### TASK GOAL
Every single entry must be reproduced precisely.
[[ RECORDS TO USE, beginning ]]
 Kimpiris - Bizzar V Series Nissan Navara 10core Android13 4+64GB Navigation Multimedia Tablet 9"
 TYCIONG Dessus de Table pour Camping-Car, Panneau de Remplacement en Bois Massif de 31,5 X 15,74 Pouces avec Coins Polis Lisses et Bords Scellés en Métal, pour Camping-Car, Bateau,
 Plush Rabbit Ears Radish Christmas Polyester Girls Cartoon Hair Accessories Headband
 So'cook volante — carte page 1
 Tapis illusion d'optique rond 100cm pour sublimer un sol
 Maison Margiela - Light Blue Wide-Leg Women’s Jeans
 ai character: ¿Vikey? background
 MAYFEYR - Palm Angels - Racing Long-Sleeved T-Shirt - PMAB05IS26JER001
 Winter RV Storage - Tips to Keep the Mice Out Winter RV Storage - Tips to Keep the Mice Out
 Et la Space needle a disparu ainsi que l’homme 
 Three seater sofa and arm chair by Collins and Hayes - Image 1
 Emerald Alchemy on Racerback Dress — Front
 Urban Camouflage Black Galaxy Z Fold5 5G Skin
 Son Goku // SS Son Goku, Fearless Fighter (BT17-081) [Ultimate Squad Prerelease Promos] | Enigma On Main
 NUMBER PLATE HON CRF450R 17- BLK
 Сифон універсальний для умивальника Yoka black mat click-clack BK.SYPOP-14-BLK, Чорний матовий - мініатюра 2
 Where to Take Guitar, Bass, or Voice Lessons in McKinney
[[ RECORDS TO USE, end ]]
### ANSWER TO THIS TASK
 Kimpiris - Bizzar V Series Nissan Navara 10core Android13 4+64GB Navigation Multimedia Tablet 9"
 TYCIONG Dessus de Table pour Camping-Car, Panneau de Remplacement en Bois Massif de 31,5 X 15,74 Pouces avec Coins Polis Lisses et Bords Scellés en Métal, pour Camping-Car, Bateau,
 Plush Rabbit Ears Radish Christmas Polyester Girls Cartoon Hair Accessories Headband
 So'cook volante — carte page 1
 Tapis illusion d'optique rond 100cm pour sublimer un sol
 Maison Margiela - Light Blue Wide-Leg Women’s Jeans
 ai character: ¿Vikey? background
 MAYFEYR - Palm Angels - Racing Long-Sleeved T-Shirt - PMAB05IS26JER001
 Winter RV Storage - Tips to Keep the Mice Out Winter RV Storage - Tips to Keep the Mice Out
 Et la Space needle a disparu ainsi que l’homme 
 Three seater sofa and arm chair by Collins and Hayes - Image 1
 Emerald Alchemy on Racerback Dress — Front
 Urban Camouflage Black Galaxy Z Fold5 5G Skin
 Son Goku // SS Son Goku, Fearless Fighter (BT17-081) [Ultimate Squad Prerelease Promos] | Enigma On Main
 NUMBER PLATE HON CRF450R 17- BLK
 Сифон універсальний для умивальника Yoka black mat click-clack BK.SYPOP-14-BLK, Чорний матовий - мініатюра 2
 Where to Take Guitar, Bass, or Voice Lessons in McKinney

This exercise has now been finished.